Update ENTERI() macro
Steve Kargl
sgk at troutmask.apl.washington.edu
Wed Feb 27 16:19:12 UTC 2019
On Wed, Feb 27, 2019 at 09:15:52PM +1100, Bruce Evans wrote:
> On Tue, 26 Feb 2019, Steve Kargl wrote:
>
> > On Wed, Feb 27, 2019 at 05:05:15PM +1100, Bruce Evans wrote:
> >> On Tue, 26 Feb 2019, Steve Kargl wrote:
> >* ...
> >>> Update the ENTERI() macro in math_private.h to take a parameter.
> >> ...
> >> I don't like this. It churns and complicates all the simple cases
> >> that only need ENTERI(). It bogotifies the existence of ENTERIT(),
> > ...
> > Okay. The other option is an ENTERC() and RETURNC() as
> > we need to toggle FP_PE for long double complex functions.
> > I suppose I could follow the one example currently in the
> > tree that use
> >
> > ENTERIT(long double complex)
> >
> > I find it somewhat odd that we have
> >
> > ENTERI() /* Implicit declaration of __retval to long double. */
> >
> > but must use directly ENTERIT(long double complex).
>
> ENTERI() hard-codes the long double for simplicity. Remember, it is only
> needed for long double precision on i386. But I forgot about long double
> complex types, and didn't dream about indirect long double types in sincosl().
That simplicity does not work for long double complex. We will
need either ENTERIC as in
#define ENTERIC() ENTERIT(long double complex)
or a direct use of ENTERIT as you have done s_clogl.c
>
> > ...
> >>> -#define RETURNI(x) RETURNF(x)
> >>> +#define ENTERI(a)
> >>> +#define RETURNI(a) RETURNF(a)
> >>> #define ENTERV()
> >>> #define RETURNV() return
> >>> #endif
> >>
> >> This also changes RETURNI(), by unimproving its parameter name. 'x' for
> >> ENTERI() wasn't a very good name for a type, but is good for a variable.
> >> 'x' for RETURNI() is slightly worse than 'r', but better than 'a'
> >
> > The renaming is for consistency. I can use 'r'.
>
> 'r' is not quite right either, since the arg can be and is often an
> expression. 'a' is good for 'arg'.
>
> >> ...
> >> But I now see 3 more problems. The return in RETURNI() is not direct,
> >> but goes through the macro RETURNF(x). In the committed version, this
> >> is a default that just returns x, but in my version it returns
> >> hackdouble_t(x) or hackfloat_t(x) in some cases (no cases are needed
> >> for long doubles, so there is no interaction with ENTERI()/LEAVEI(),
> >> and I only do this in a few simple cases not including any with
> >> complex types).
> >
> > I'm fine with making ENTERI() only toggle precision, and adding
> > a LEAVEI() to reset precision. RETURNI(r) would then be
> >
> > #define RETURNI(r) \
> > do { \
> > LEAVEI(); \
> > return (r); \
> > } while (0)
>
> No, may be an expression, so it must be evaluated before LEAVEI(). This
> is the reason for existence of the variable to hold the result.

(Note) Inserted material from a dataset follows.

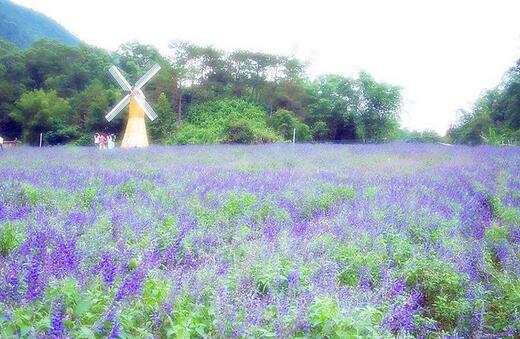 薰衣草什么时候开花最好看,衣草适合在什么季节开花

So, we'll need RETURNI for long double and one for long double complex.
Or, we give RETURNI a second parameter, which is the input parameter of
the function
#define RETURNI(x, r) \
do { \
x = (r) \
LEAVEI(); \
return (r); \
} while (0)
This will cause a lot of churn.
So, it seems that ENTERIC is the way forward.
> >> [... about complications for the general case]
>
> >> This reminds me of a reason why I don't like sincos*(). Its API
> >> requires destruction of efficiency and accuracy by returning the values
> >> indirectly. On i386 with not very old CPUs, this costs about 8 cycles per
> >> long double value. Float and double values cost about half as much. On
> >> amd64, the long double case is the same and the float and double cases
> >> are faster.
> >
> > Not sure your efficiency claim holds. I've seen significant improves
> > in cexp and cexpf where sin[f]() and cos[f]() are replaced by
> > sincos[f]. On my core2 running i386 freebsd, I see 0.1779 usecs/call
> > for cexpf with sinf and cosf and 0.12522 usecs/call for sincosf.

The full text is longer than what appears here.